Model merging is to combine fine-tuned models derived from multiple domains, with the intent of enhancing the model's proficiency across various domains. The principal concern is the resolution of parameter conflicts. A substantial amount of existing research remedy this issue during the merging stage, with the latest study focusing on resolving this issue throughout the pruning stage. The DARE approach has exhibited promising outcomes when applied to a simplistic fine-tuned model. However, the efficacy of this method tends to wane when employed on complex fine-tuned models that show a significant parameter bias relative to the baseline model. In this paper, we introduce a dual-stage method termed Dynamic Pruning Partition Amplification (DPPA), devised to tackle the challenge of merging complex fine-tuned models.

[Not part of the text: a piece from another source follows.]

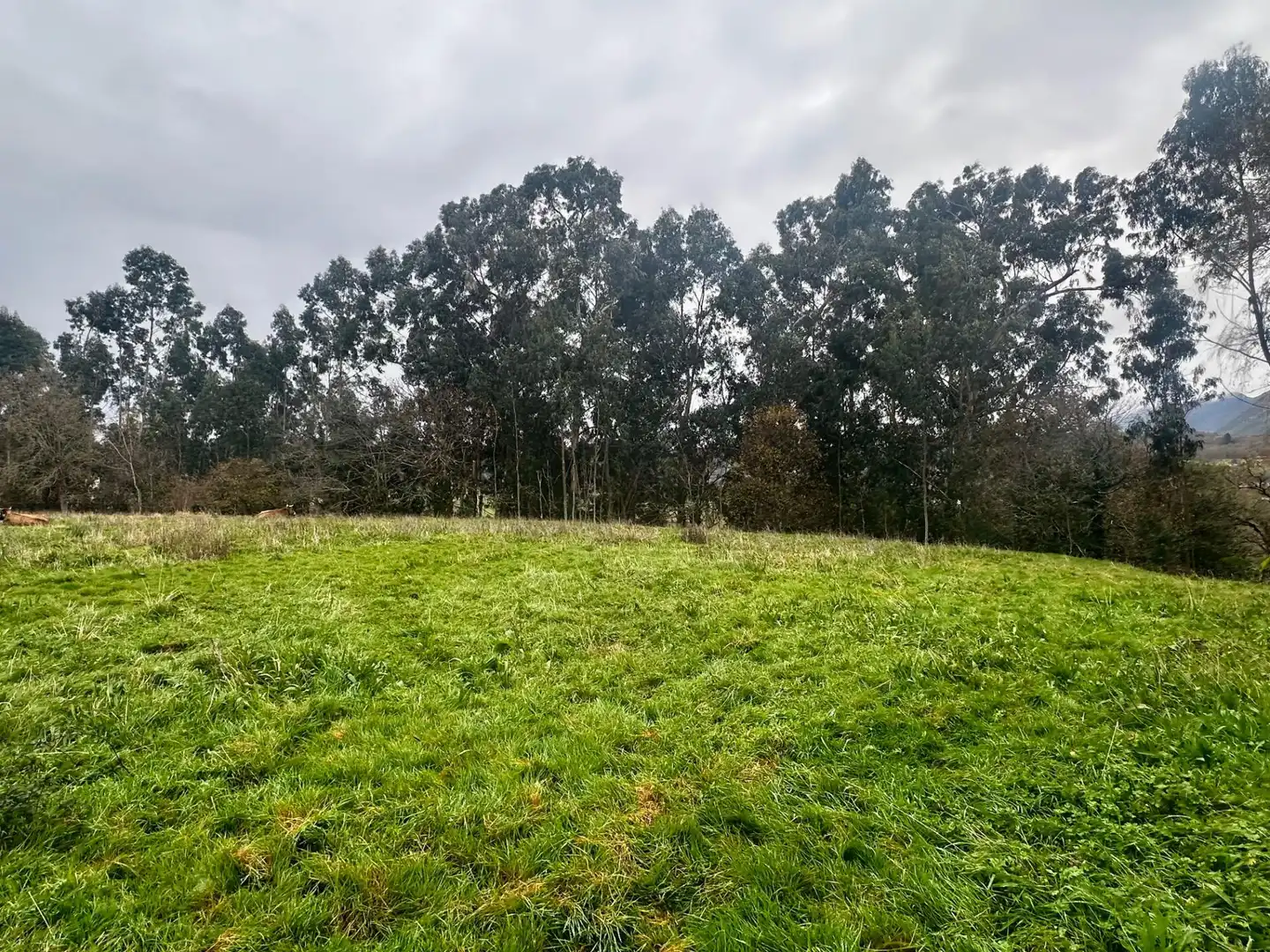 Residencial en venda en Ribadesella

Initially, we introduce Dynamically Pruning (DP), an improved approach based on magnitude pruning, which aim is to enhance performance at higher pruning rates. Subsequently, we propose Dynamically Partition Amplification (DPA), a rescaling strategy, is designed to dynamically amplify parameter partitions in relation to their significance levels. The experimental results show that our method maintains a mere 20% of domain-specific parameters and yet delivers a performance comparable to other methodologies that preserve up to 90% of parameters. Furthermore, our method displays outstanding performance post-pruning, leading to a significant improvement of nearly 20% performance in model merging. We make our code on Github.
Paper Structure (32 sections, 8 equations, 3 figures, 9 tables)

This paper contains 32 sections, 8 equations, 3 figures, 9 tables.

Figures (3)

  • Figure 1: Within the diagram's left segment, it is visible that our Dynamic Pruning (DP) technique adaptively modifies the pruning rate at both layer and linear layer levels, distinguishing it from Magnitude Pruning. On the diagram's right segment, we can see the integration of DP and Dynamic Pruning Algorithm (DPA), paralleled with the drop and rescale operations inherent in the DARE system. This integration enhances complex model performance after the pruning process significantly.
  • Figure 2: We utilize green and orange lines to represent the trajectories of amplification rate search. Among them, the blue star represents the optimal rate searched at a 90% pruning parameter, while the red star represents the optimal rate searched at an 80% pruning parameter. The contour lines depict the specific performance in the mathematical domain.
  • Figure 3: After analyzing the pruned parameters of the financial model, it is evident that there is a higher parameter count in the initial and final 0, 31 layers, while the middle 17 layers have fewer parameters. Additionally, in the Q, K, V components, it is observed that 90% of the parameters are concentrated in certain dimensions. To facilitate observation, we have amplified the value by a factor of 1000.